I am guessing the 90+% of users who don't go on the forums have just taken it in stride and are getting on with it.
The new UI was a surprise for me when it first loaded post-update, it took around 60 seconds to work out what was where. I've not given it a second thought since.
Not a zwift user currently so excuse the question but for navigation do they implement a sat-nav / Garmin within zwift or do you have to bring your own?
You either choose a course for a workout in which case the turns happen automatically or you make it up as you go. You can also choose to divert from a chosen course but the navigation then becomes manual.
This was me. Big culture shock when I joined at the last second for an event, but 5 mins of more leisurely exploration and its fine.
People need to get a life.
First world problems. No one cares.
Toys and pram?
This is a website about cycling, largely aimed at and read by people in developed Anglophone nations. Pretty much every issue it deals with is a "first world problem", as is complaining that a website you visit doesn't contain only content you consider sufficiently worthy.

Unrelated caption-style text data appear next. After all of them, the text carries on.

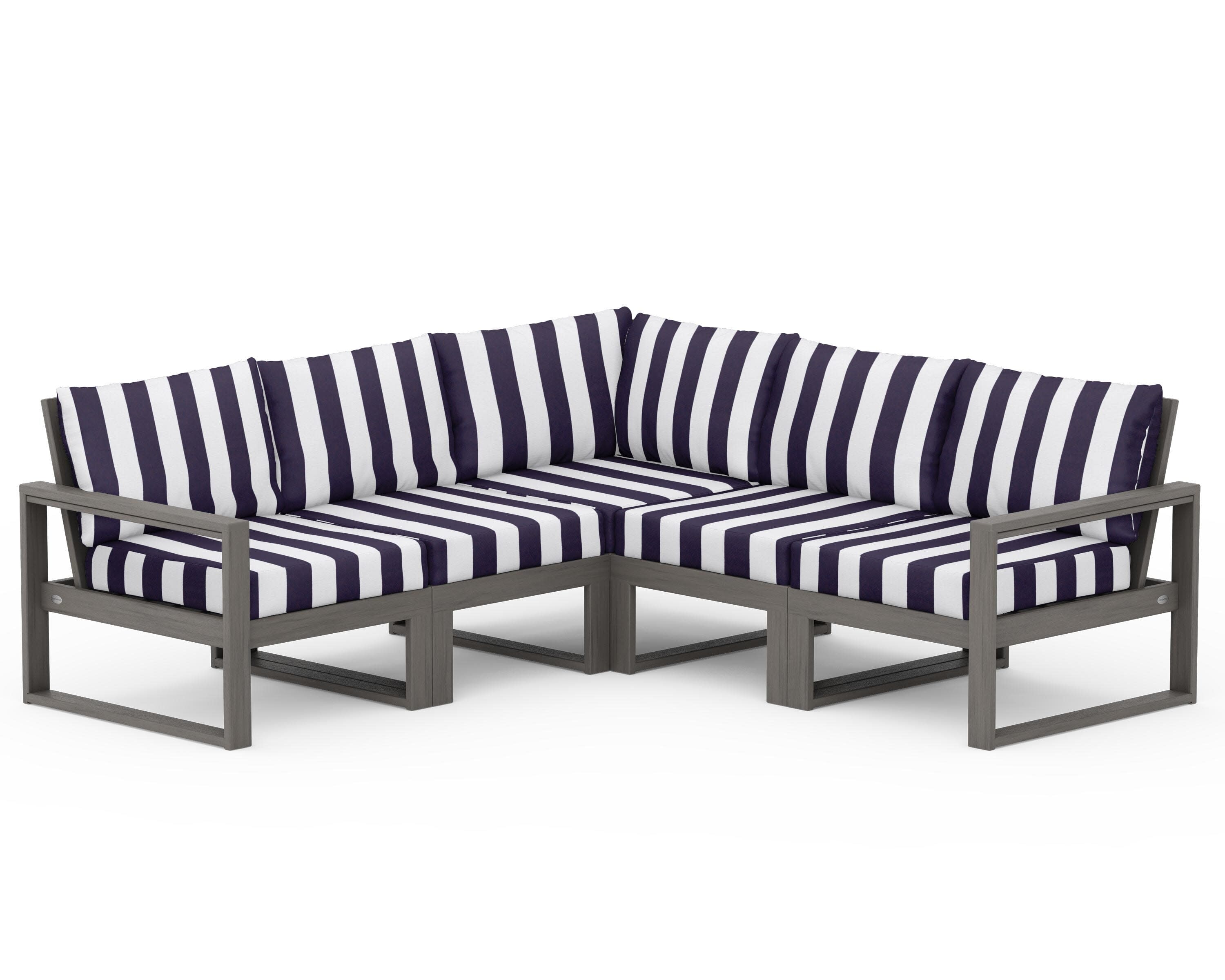 EDGE 5-Piece Modular Deep Seating Set in Driftwood / Cabana Stripe Navy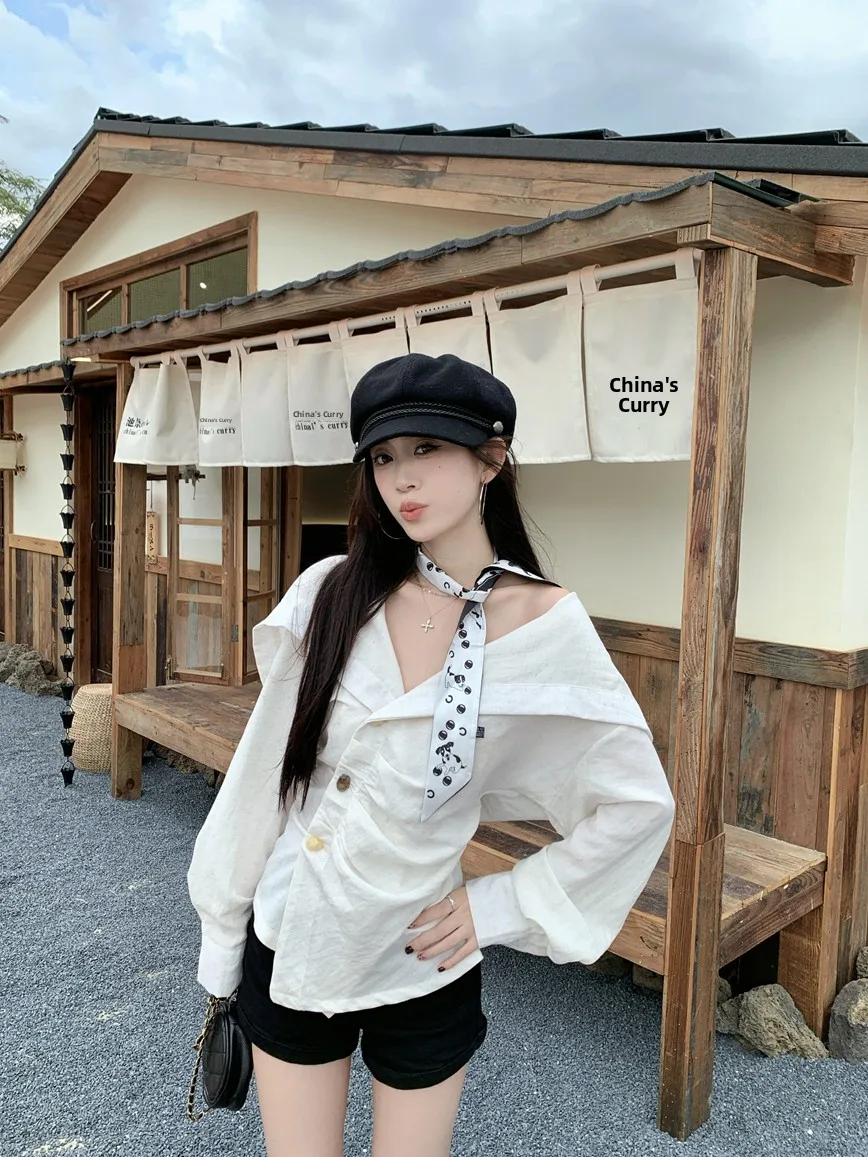 

Elegant Shoulder Bared Long Sleeve Slim Fit Shirt Women's Fashion Spring Youthful Slimming Pleated Top Korean Style Commute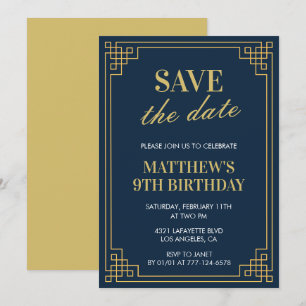 Faire-part élégant de 9e anniversaire hommes Save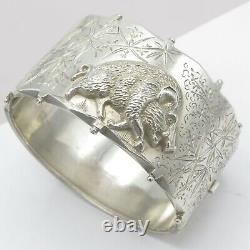 Antique Victorian Sterling Silver BOAR PIG High Relief Aesthetic Period Bracelet
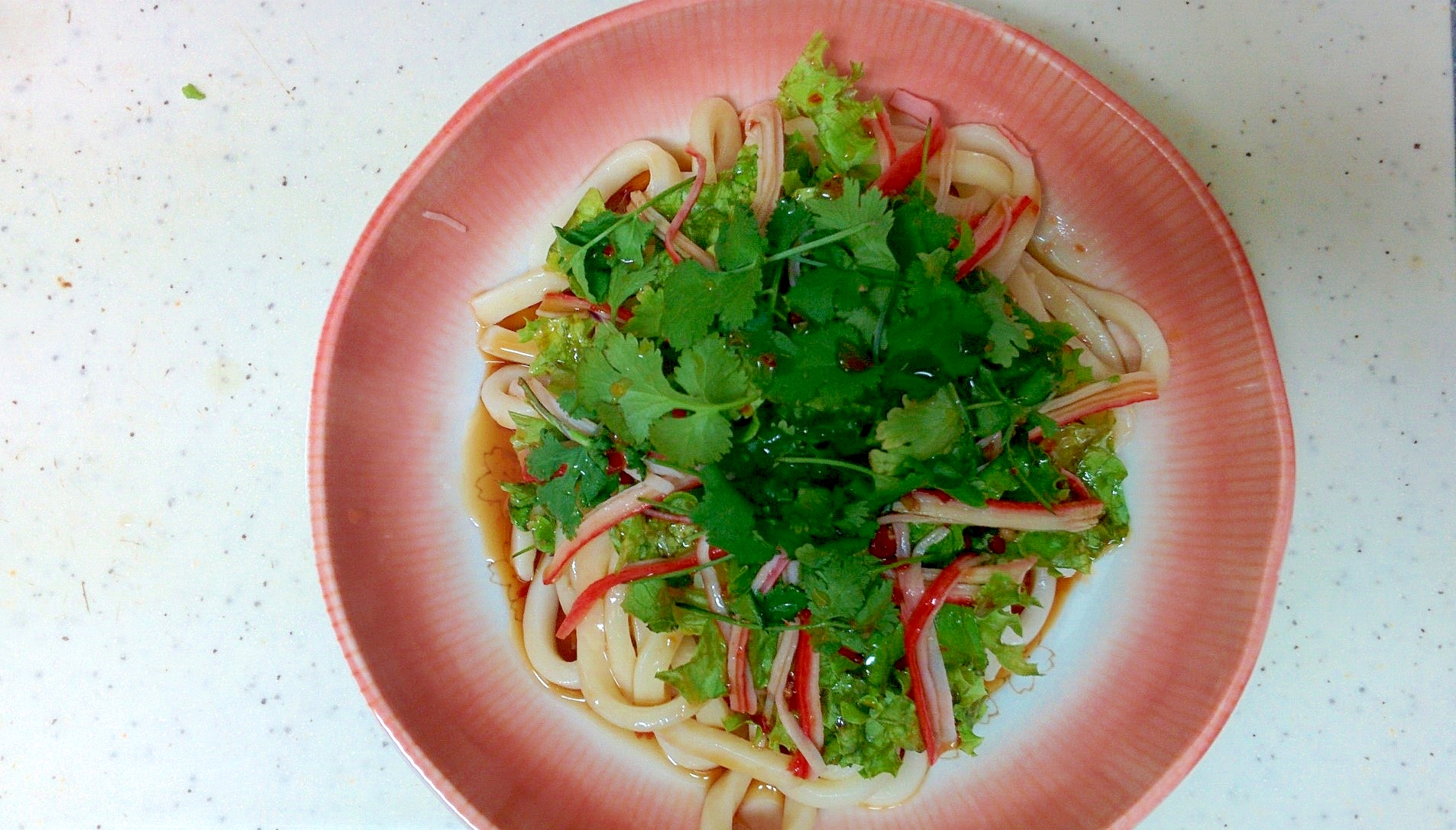 パクチー香るサラダうどん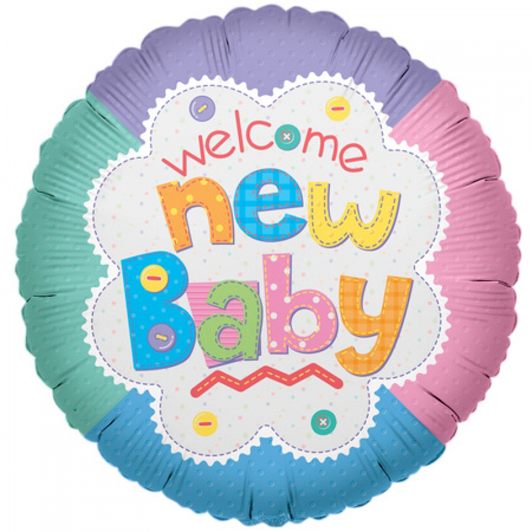 9 inch MiniFoil balloon featuring a Welcome New Baby message with a decorative quilt design.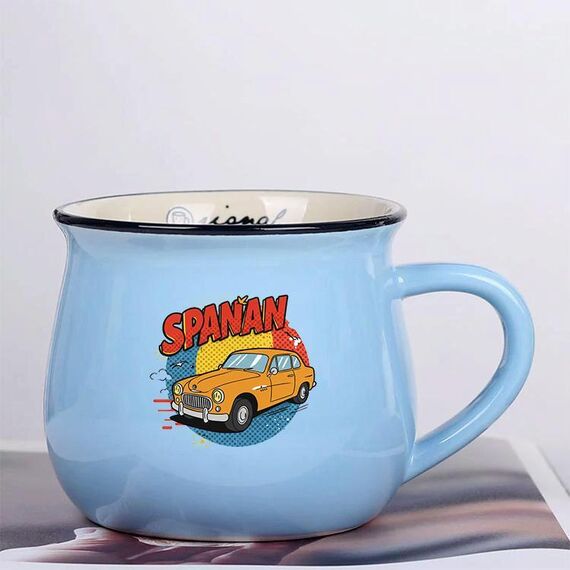 Tazza per acqua con pancia grande in ceramica stampata su auto, stampa su richiesta (azzurro cielo)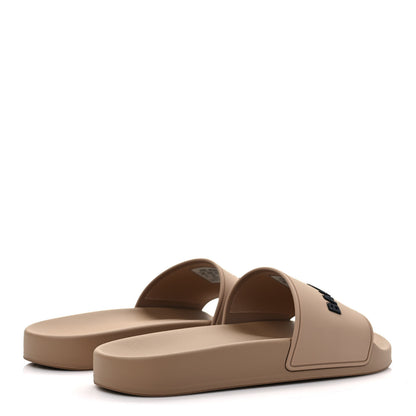 Balenciaga Rubber Logo Pool Slide Sandals 38 Beige Black 4 of 8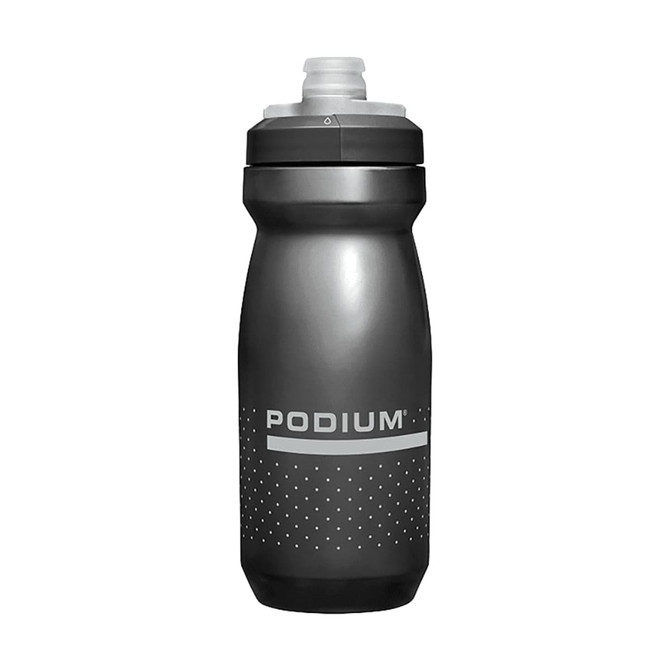 A drink bottle in grey with a sleek design, featuring a logo and a textured grip area.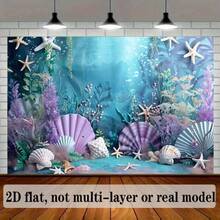 2D Flat Banner Mermaid Ocean Theme Photography Backdrop - Purple And Blue, Starfish And Shell Pattern, Suitable For Birthday Party And Photo Booth, Multi-Functional Polyester Decoration - Multicolor - View 6
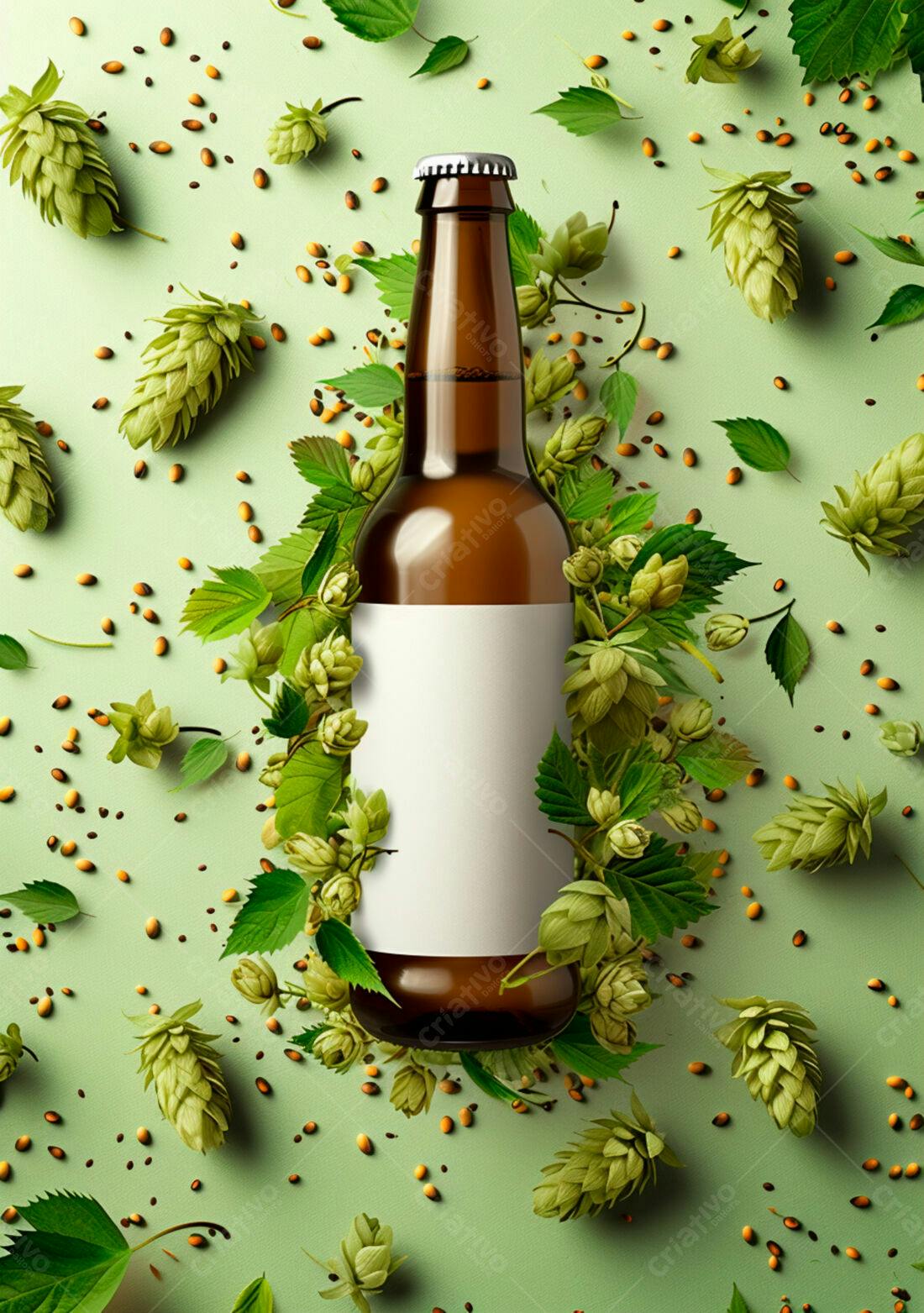 Garrafa de cerveja artesanal com lúpulo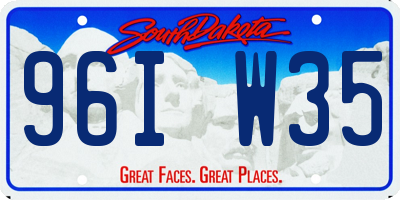SD license plate 96IW35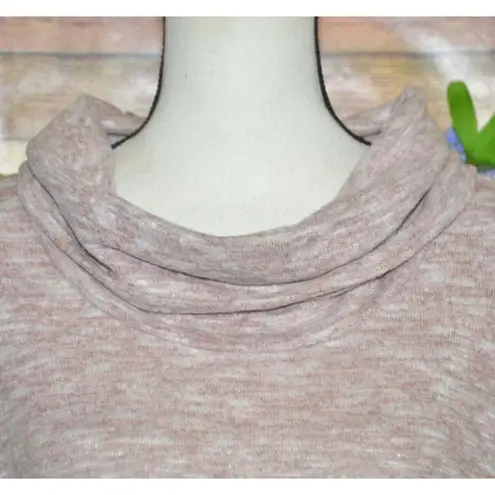 Knox Rose Ladies Pink Pullover Sweater Shift Dress Size L Cowl Neck Knee Length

haha this is kind of true. Debate the efficiency gains of ultegra vs 105 or thickness of bar tape to a farmer eking an existence in a lesser developed part of the world who hauls his wares to the market 30 miles a day through mud on a banged up bicycle for an income less than the cost of a rapha chamois cream.
Non-Zwift users don't care, but some users do seem to care and have no other worries in their lives at the moment.
Yeah, last night in the pub I was served quite an unsatisfactory pint of bitter, but I decided not to complain because I'm very concerned about the Russian offensive in Mariupol... perhaps people are capable of thinking about more than one thing at once?
No one said people couldn't think about more than one thing at once..? (Well technically you brought it up). But if Zwift UI is their biggest single thing to moan and worry about, then well done them.
I don't understand why you think this is their biggest single issue to worry about?
My 13 year old daughter refuses to go to school and has laid out a horrible, f***ed-up ultimatum unless we home-school her. Its really stressful and horrible. But I still don't like the Zwift UI updates.
Spot on there, sir or madam - we've all got bigger problems, doesn't mean we can't think about smaller ones (I've been out on the roads all week so have yet to see these Zwift updates, but if they have annoyed people they're entitled to feel that way, not sure why that's a problem for anyone else).
Could you make it her first project to redesign it?